# Pee Pads are not play toys



## 020202 (Jan 26, 2005)

We have had a problem with IzzyBella and her pee pads. She loves to wrestle them and attack them and drag them around her playpen. She pees on them so she knows what they are. She just doesn't realize that she's not a big scary wolf just because she can beat up a pee pad. She puts the corner of it in her mouth and vigorously shakes it. We don't want to say NO and have her associate that with the pee pads so we simply divert her attention and smooth the battered pee pad back out.

Any ideas on how to keep her from doing this? Does any of your dogs tackle and drag the pee pad back to their den? Goofy dog.


----------



## k/c mom (Oct 9, 2004)

> _Originally posted by 20202_@Feb 5 2005, 09:24 PM
> *We have had a problem with IzzyBella and her pee pads.  She loves to wrestle them and attack them and drag them around her playpen.  She pees on them so she knows what they are.  She just doesn't realize that she's not a big scary wolf just because she can beat up a pee pad.  She puts the corner of it in her mouth and vigorously shakes it.  We don't want to say NO and have her associate that with the pee pads so we simply divert her attention and smooth the battered pee pad back out.
> 
> Any ideas on how to keep her from doing this?  Does any of your dogs tackle and drag the pee pad back to their den?  Goofy dog.
> <div align="right">index.php?act=findpost&pid=33708*


[/QUOTE]

I had the exact problem with Catcher. I got one of the frames for the pad and it did not help at all as he would grab the pad from the middle of the frame and sling the whole thing around...frame and all.... . I called the pee pad manufacturer and they had no solutions. The lady I spoke with did say to make sure he didn't injest any of the pad because of the plastic backing. 

I hate to say it but I ended up taking the pad out of the playpen! He would occasionally pee in the playpen and it was easy to clean up .... a lot easier than worrying if he was going to eat the pee pad. 

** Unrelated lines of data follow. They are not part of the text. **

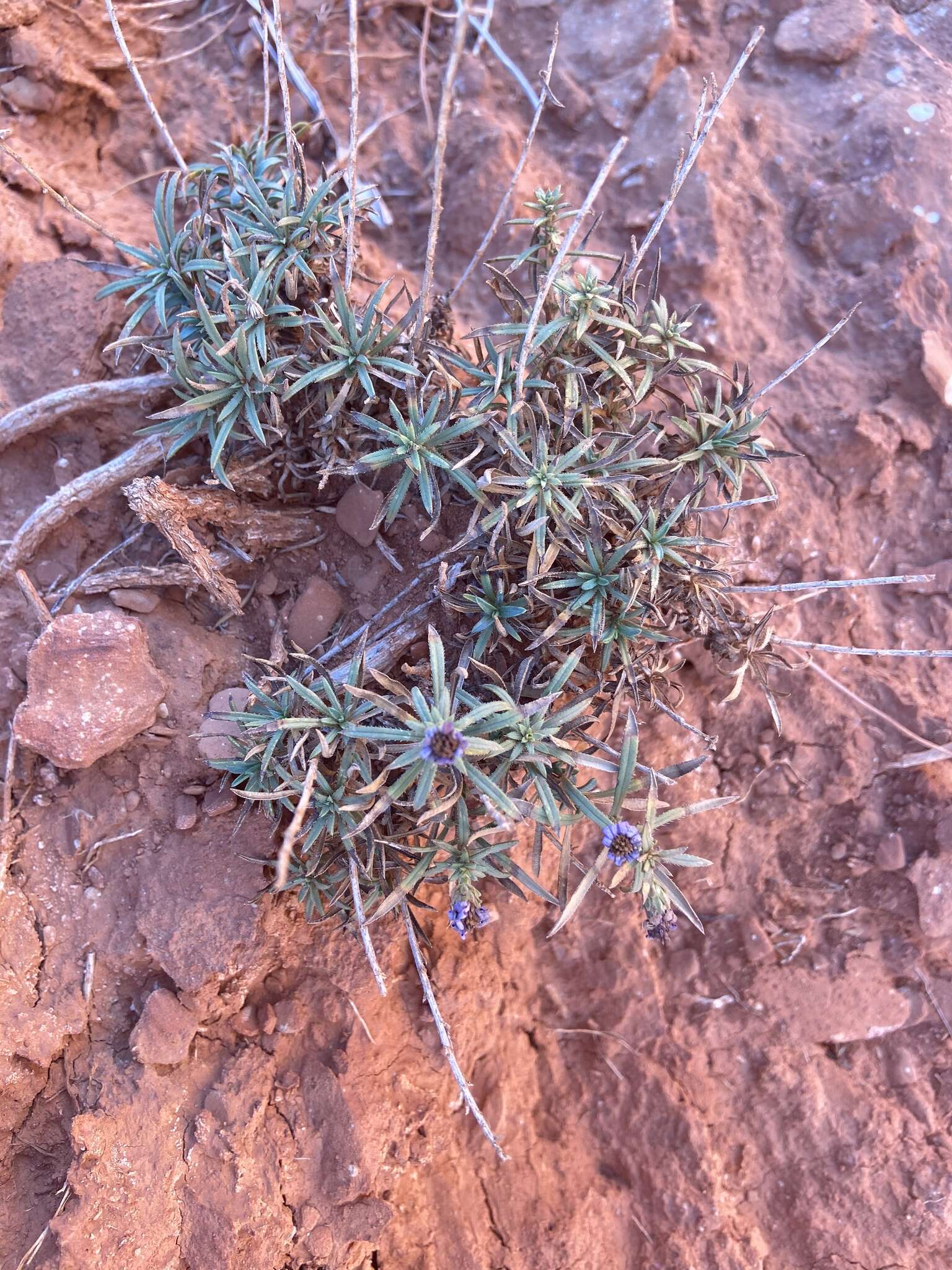 Image of Fendler's aster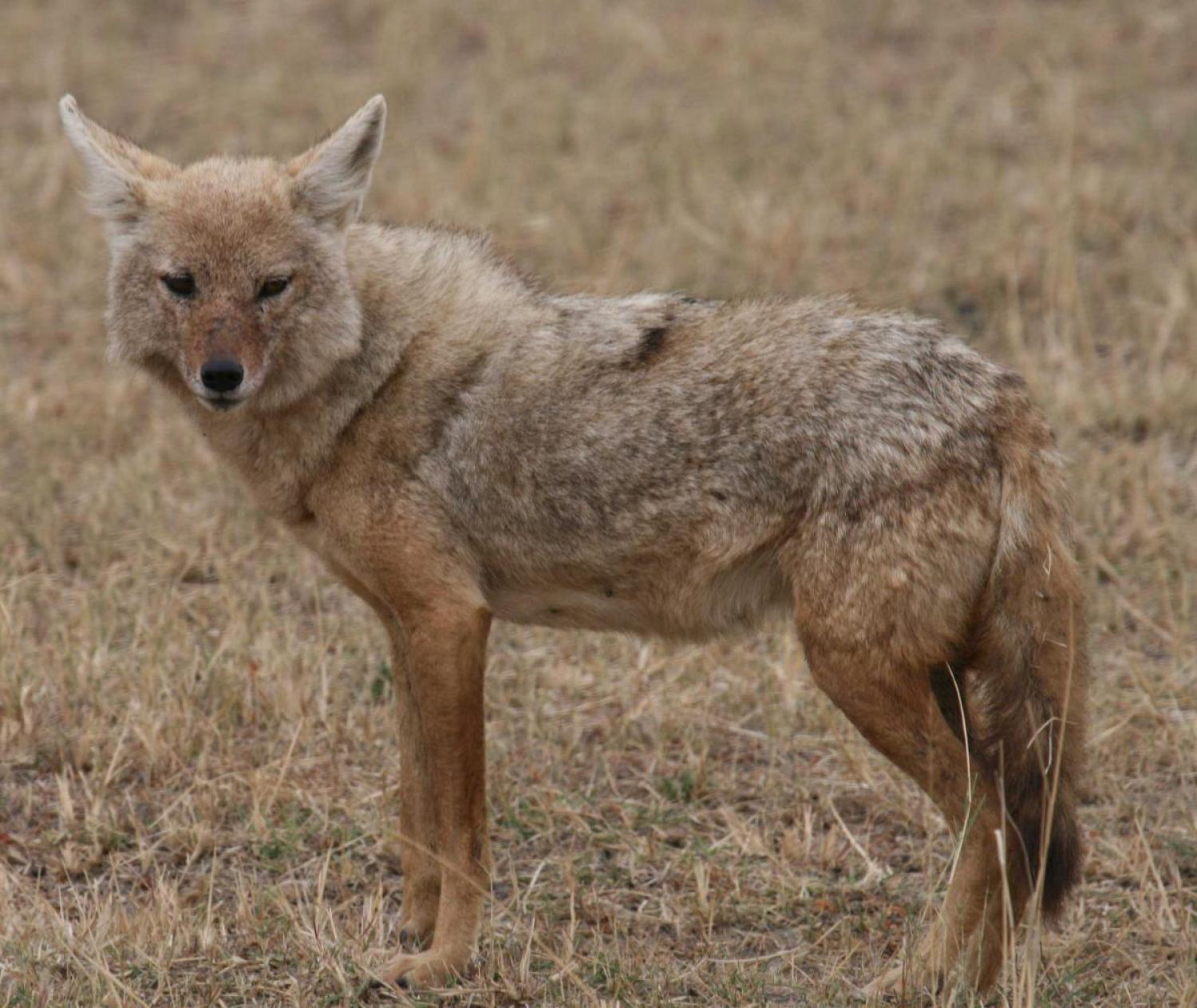 Golden jackal (Canis aureus)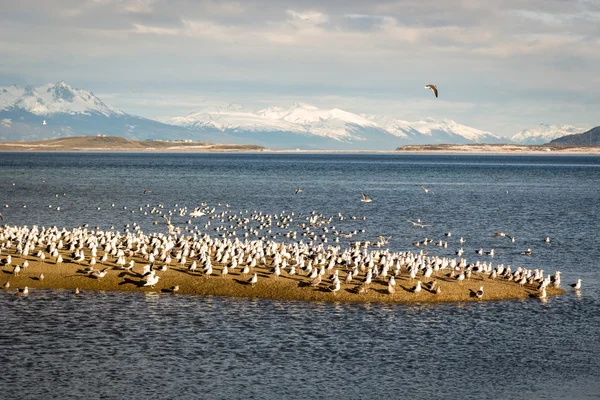 Beau scénario dans la ville d'Ushuaia dans le sud de l'Argentine, Patagonie — Photo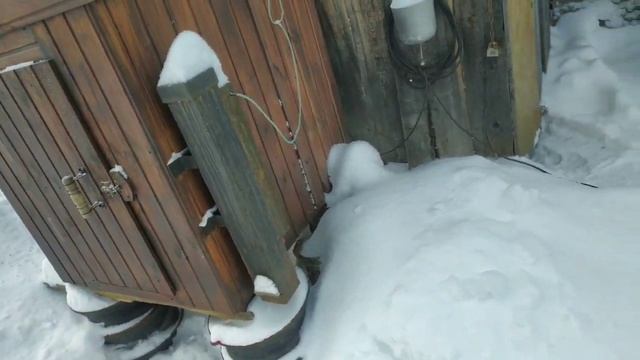 коптим толстолобика холодного копчения в коптильне мечта гурмана смотреть онлайн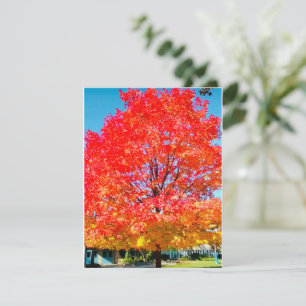 Fire Of Life, Bright, Colorful, Tree In Fall Note Card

It's "funny" because he never bothers the pee pads that are in the laundry room.... the main place where he "goes".


----------



## jmm (Nov 23, 2004)

I know some people have taped them down. I've heard people say with the PishPad because of its sticky backing they don't have this problem any longer. My pups all grew out of it. I just took the pad out of their mouth and gave them a proper toy instead.


----------



## ilove_d&m (Apr 7, 2004)

I don't mean to make fun of your problem...but she must look so cute wrestling the peepad. I hope you find the solution


----------



## littlepeanut (Dec 5, 2004)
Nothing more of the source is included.